Tomemos el ejemplo del combate a la delincuencia organizada. ¿Cuántos capos o sicarios han salido de prisión antes de tiempo porque sus abogados, en contubernio con algunos representantes del poder judicial, lo propician? ¿Cuántos de ellos ni siquiera han pisado la cárcel porque el ministerio público integró deliberadamente mal la averiguación? Y algo similar ocurre con políticos, empresarios y líderes sindicales corruptos; las pocas veces que se les llega a levantar un cargo acaban obteniendo la sentencia absolutoria, que extiende sobre ellos su manto protector. Es la magia de los letristas, que a los ojos del Estado de derecho convierten a hombres del mal en ciudadanos de bien.

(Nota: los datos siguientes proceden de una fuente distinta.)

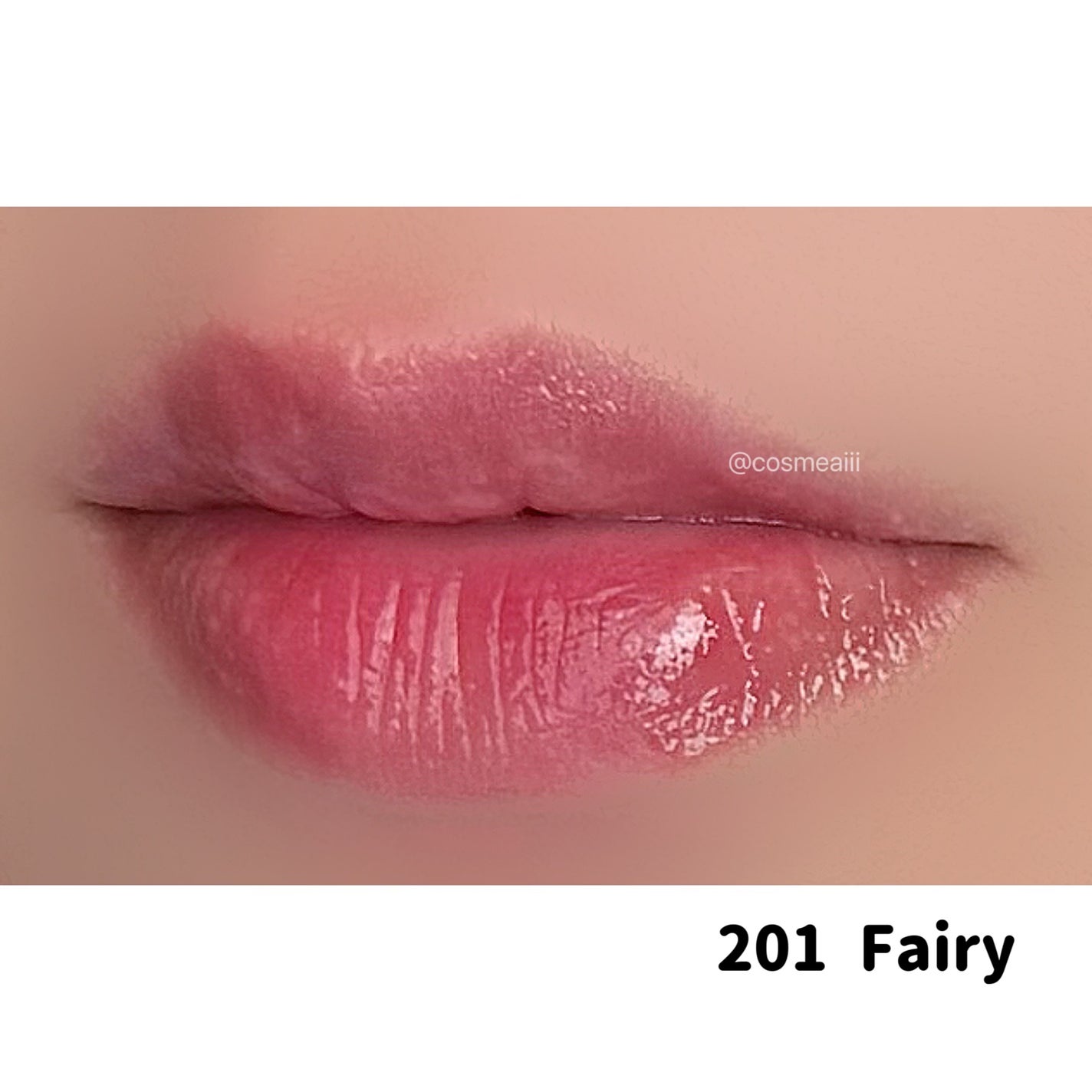 デュー ドロップ ティント/Coralhaze/リップティントを使ったクチコミ(7枚目)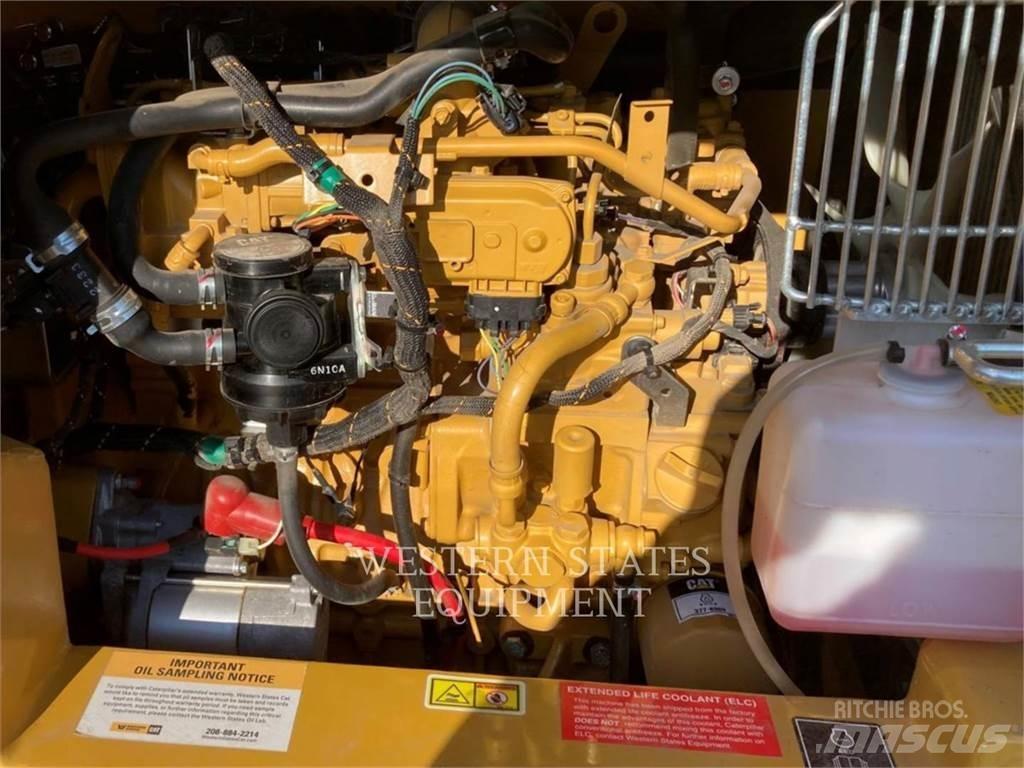 CAT 306 Vikšriniai ekskavatoriai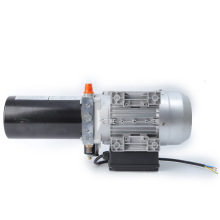 AC single-acting motor hydraulic small system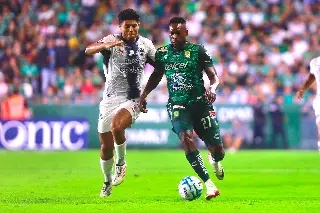 León ruge y frena a los Rayados de Monterrey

Estamos ante uno más de los síntomas esquizoides del mexiJano: o evade la ley en aras de las reglas no escritas o la sigue al pie de la letra. En ambos casos su propósito es desvirtuarla. La norma sirve para burlar la justicia cuando, voluntaria o involuntariamente, está elaborada a fuer de laberinto del que sólo un guía tan especializado como mañoso puede sacarnos. Permítaseme apoyarme una vez más en las palabras que cité hace unas semanas, con las que un hombre que padeció las atrocidades del totalitarismo discrecional soviético, Alexander Solzhenitsyn, critica el letrismo: “Una sociedad que se basa en la letra de la ley y nunca se yergue por encima de ella desaprovecha el alto nivel del potencial humano. La letra de la ley es demasiado fría y formal para producir una influencia benéfica en la sociedad”. Dicen, con razón, que más vale dejar libres a varios culpables que encarcelar a un inocente. Pero lo que hacemos en México es otra cosa: con demasiada frecuencia castigamos a los buenos y premiamos a los malos.